During a radio call in show last month, borough manager Steve Giesbrecht said local residents have been forthcoming with potential conflicts. “The very few times that it’s come up that there might be a conflict I’ve seen our elected officials say, wave their hand and say I’ve got a potential financial impact on this or it’s gonna affect my income, I’m not going to vote on it,” Giesbrecht said. So I think we’ve always had really good luck with people self-reporting.”

Giesbrecht said the requirement discouraged local business people from running for office because they did not want to disclose business information.

Business owner and former assembly member Sue Flint said she filled out the paperwork online when she ran for borough assembly. She said it was easier than she expected because her business is a corporation. “It’s very difficult for people who aren’t protected by a corporation and very discouraging I think. I just don’t think it’s necessary here and hope people will support doing away with that.”

Elected officials under the old city of Petersburg, but the requirement returned with the formation of the borough in 2013. Information is filed with the Alaska Public Offices Commission and it’s available to the public on request through that state agency.

One caller had a question about penalties for elected officials who do not disclose a financial interest. There are prohibitions in Petersburg’s borough charter against an elected official participating in an official action if that person has a substantial financial interest. The punishment spelled out in the charter is loss of that elected seat, or loss of a job, in the case of an employee.

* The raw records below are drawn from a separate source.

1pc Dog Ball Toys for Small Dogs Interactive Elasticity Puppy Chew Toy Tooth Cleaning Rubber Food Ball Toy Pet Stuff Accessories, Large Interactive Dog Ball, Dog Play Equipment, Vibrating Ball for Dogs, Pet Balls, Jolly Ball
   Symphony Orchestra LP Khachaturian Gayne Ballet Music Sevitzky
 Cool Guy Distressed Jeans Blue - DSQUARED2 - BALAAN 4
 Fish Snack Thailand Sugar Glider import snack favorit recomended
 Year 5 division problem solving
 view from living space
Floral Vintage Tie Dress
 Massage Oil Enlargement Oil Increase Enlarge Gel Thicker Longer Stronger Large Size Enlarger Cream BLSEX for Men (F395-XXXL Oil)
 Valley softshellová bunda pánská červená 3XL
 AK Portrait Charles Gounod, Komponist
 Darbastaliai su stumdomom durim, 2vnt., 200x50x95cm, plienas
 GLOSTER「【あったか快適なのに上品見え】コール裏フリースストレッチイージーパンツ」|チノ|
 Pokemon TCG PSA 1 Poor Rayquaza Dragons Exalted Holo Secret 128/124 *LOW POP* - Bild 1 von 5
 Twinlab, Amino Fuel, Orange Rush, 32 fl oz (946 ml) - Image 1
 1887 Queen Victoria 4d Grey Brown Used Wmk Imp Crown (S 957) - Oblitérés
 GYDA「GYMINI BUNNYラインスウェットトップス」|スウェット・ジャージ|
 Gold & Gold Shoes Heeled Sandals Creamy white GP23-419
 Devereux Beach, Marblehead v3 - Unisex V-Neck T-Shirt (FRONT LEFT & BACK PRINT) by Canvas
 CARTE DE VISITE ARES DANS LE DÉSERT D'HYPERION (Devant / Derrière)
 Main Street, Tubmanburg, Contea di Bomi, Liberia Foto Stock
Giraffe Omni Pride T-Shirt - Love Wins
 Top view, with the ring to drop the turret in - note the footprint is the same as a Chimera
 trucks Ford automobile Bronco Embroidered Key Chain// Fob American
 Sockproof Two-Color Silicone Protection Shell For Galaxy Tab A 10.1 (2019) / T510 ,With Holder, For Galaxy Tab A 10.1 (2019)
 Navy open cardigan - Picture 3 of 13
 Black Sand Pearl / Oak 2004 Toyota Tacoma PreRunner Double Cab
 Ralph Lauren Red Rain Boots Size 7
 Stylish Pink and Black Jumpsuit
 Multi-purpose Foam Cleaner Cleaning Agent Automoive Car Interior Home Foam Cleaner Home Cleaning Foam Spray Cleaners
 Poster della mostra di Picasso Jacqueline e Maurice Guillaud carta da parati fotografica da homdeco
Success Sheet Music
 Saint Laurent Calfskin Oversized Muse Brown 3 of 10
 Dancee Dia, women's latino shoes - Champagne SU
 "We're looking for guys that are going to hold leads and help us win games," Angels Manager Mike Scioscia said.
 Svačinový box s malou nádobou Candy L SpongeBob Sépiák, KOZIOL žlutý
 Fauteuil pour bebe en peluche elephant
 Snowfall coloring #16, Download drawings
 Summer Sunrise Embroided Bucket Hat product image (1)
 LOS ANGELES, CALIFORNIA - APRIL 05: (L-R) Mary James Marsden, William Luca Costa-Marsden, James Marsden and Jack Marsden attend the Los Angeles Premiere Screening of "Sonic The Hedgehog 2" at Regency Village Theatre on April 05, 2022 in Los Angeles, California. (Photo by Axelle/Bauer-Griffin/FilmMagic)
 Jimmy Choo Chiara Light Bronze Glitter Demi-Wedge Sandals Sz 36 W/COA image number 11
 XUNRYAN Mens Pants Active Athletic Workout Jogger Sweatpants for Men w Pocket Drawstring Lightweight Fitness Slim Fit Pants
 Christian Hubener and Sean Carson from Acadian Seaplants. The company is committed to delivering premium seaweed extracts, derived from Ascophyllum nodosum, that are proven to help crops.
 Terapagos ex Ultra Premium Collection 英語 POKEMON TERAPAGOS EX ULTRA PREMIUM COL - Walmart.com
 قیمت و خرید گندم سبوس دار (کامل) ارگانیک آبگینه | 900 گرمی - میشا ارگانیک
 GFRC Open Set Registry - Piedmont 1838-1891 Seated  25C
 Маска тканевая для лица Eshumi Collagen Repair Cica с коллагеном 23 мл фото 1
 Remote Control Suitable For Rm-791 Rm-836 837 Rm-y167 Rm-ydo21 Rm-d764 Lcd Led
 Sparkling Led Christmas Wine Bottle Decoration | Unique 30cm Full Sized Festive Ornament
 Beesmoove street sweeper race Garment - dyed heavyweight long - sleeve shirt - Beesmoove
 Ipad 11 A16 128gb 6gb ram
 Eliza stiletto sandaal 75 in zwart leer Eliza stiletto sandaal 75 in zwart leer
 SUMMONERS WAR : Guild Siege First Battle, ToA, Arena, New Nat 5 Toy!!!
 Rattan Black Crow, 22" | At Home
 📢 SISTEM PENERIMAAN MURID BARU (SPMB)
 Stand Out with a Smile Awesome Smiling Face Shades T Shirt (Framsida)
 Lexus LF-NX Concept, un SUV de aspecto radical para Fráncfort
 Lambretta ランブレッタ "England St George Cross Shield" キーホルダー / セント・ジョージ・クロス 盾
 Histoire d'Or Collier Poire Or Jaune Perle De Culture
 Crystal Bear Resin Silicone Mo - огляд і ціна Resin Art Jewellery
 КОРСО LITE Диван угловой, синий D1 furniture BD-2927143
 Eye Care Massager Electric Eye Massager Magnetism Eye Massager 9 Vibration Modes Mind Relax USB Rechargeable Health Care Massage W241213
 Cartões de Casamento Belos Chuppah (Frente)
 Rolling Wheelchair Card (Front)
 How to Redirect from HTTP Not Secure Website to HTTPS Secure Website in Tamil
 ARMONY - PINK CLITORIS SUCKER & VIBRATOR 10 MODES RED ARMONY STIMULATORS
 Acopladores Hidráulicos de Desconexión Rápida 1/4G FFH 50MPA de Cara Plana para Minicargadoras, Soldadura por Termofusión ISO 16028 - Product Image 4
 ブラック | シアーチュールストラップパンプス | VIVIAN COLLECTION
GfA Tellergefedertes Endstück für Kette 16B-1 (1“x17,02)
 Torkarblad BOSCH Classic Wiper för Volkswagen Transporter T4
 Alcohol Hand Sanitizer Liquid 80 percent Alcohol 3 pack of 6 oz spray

Another question on the ballot deals with sales tax, and could increase the amount of tax revenue coming into the borough. Customers currently pay the borough’s six percent sales tax on only the first 1,200 dollars of large purchase. Proposition 5, if approved, would increase the community’s cap to 2000 dollars.

Voters narrowly defeated a similar increase in 2012. That was a proposal to increase the cap to 1,700 dollars. And it failed by just six votes that year.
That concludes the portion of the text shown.